Muscle care and Fatigue

MUSCLE CARE

The voluntary muscles are the only ones that require your everyday care. Muscles remain in good condition only when they are used. If they fall The Muscles / 195 into complete disuse, they atrophy or waste away. Short of this, if they are used relatively little, they lose strength and vigor and their tone diminishes. Healthy vigorous muscles are important for many reasons: for good posture, graceful movement, and a sense of well-being. The spring in the step of a healthy vigorous man isn't simply a matter of well-developed muscles, but of the contribution that good muscular health makes to overall body health and even to mental outlook. Also, strong muscles protect the bones, joints, and internal organs more effectively against injury. In our increasingly sedentary way of life, unless we resort to special measures, our muscles are victimized by disuse.

Actually, when muscles are not used, they have relatively little need for blood and nourishment; and as a result most of the capillaries, the tiniest blood vessels which supply them, collapse and remain collapsed, out of business most of the time. The greater the activity of muscles, the more the capillaries opens up and, in fact, the more capillaries may be developed by the body to supply the need. With sedentary living, there is little demand. One famed experiment by Dr. Hardin Jones of the University of California has shown that the average sedentary American man is, in terms of muscle circulation, middle-aged by the time he is 26.

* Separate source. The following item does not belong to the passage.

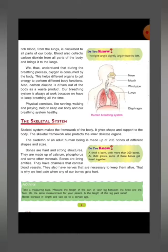Physical exercises like running, walking, and playing help to keep our body and our breathing system healthy. So we should do physical exercise regularly.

Using Geiger counter tests to follow blood flow through muscles in teen-agers and in 500 industrial workers, Dr. Jones established that between the ages of 18 and 25, the flow drops 40 percent; by the age of 35, it is down 60 percent, at which point, in the sense of physical vigor, the average sedentary man is less than half the man he used to be. Because of our sedentary living, deliberate exercise is essential-and this applies to all of us, women and children as well as men. The objective of the exercise should not be the development of big muscles, for muscle size is not a true measure of fitness. A well-founded exercise program should aim at strengthening muscles and also the circulatory system in the interest of endurance-the ability to sustain activity and keep going without quick fatigue.